Figure 1. Percentage of 2014-2015 graduates enrolled in a 4-Year college/university within 6 months of high school graduation, Michigan (statewide) and Washtenaw County figures (www.mischooldata.org).
ECA’s figures are much higher—with a reported 97% of our 2015 grads enrolling in a 4-year college after graduating, 90% of our Black students doing so, and 78% of White students. (It should be noted that the ECA’s numbers are very low, overall, and reports on http://www.mischooldata.org are incomplete as the state works on cleaning up the data for programs like ours).
The data on educational outcomes based on demographic subgroups are grim across several other key indicators that tend to predict college success: grade point average, ACT/SAT scores, dual enrollment credit earned in high school, and attainment of Bachelor’s degrees. It is a well-documented fact, nation-wide, that Bachelor’s degree completion over a 6-year period hovers around the 60%-mark (National Center for Educational Statistics, 2016). The lowest outcomes persist among students who are traditionally underrepresented in college: students of color, low-income students, and those who are the first in their families to pursue a Bachelor’s degree.
In my own 2016 study of graduates who continued their undergraduate education at Eastern Michigan University, I found that ECA’s student outcomes were significantly higher than that of their non-ECA peers at EMU (Fischer, 2016. Preview LINKED HERE). What is even more exciting, to me, is that the outcomes were statistically consistent across student subgroups. This consistency is quite different from the “all-EMU” and “Washtenaw County” populations, which showed markedly lower attainment rates for underrepresented populations (shown in the graph below).

Figure 2. Bachelor’s Degree attainment of EMU students who graduated from high school in 2010 and 2011, comparing the rate of all EMU students, all graduates from Washtenaw County, and only the ECA graduates in the sample, by demographic subgroup (Fischer, 2016).
Final Thoughts
Both anecdotes and the first data on Bachelor’s Degree attainment rates confirm that early colleges are perfectly positioned to make a positive difference in this story–for all students. The type of educational experience that the ECA and similar early colleges provides is perhaps especially critical for students who are traditionally underrepresented in college. The factors that research suggests are key to the success of our model, particularly among diverse student groups, reflect those things that our F2016 cohort spoke about in their projects and surveys:
- TRUE college prep skill-building courses that make sure kids are prepared for college
- Faculty mentors (CORE Advisors) who help students and families make the transition into college and help monitor performance in college
- Supportive peers and classmates who are focused on school success
- A diverse and welcoming group of students situated on a university campus—with access to the many resources that EMU provides; and, of course…

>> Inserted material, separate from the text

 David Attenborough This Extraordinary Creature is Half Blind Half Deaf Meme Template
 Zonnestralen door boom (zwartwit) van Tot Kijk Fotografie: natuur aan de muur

- Free college! The ECA provides a roughly $25,000 value in free tuition and books–the equivalent of a two-year college scholarship while still in high school.
There is a great deal of strength to build on as we recruit the next group of “First Years” at the ECA. As a critically reflective educator, I know that we have lots of continued work to do to cultivate a program that really lives the values of diversity and inclusion. But as we turn the corner into 2017, facing challenges and opportunities that will likely continue to test us and inspire us, I am confident about the strength of our learning community. I believe in our collective ability and willingness to be bold in tackling problems, to be honest about our areas for growth, and to be fearless in our support of each other as we do this work–students, staff, and families alike. This is the social justice foundation of my work.

Figure 3. Image and description created by first-year ECA student Liz McClelland, capturing the essential pieces of our school culture.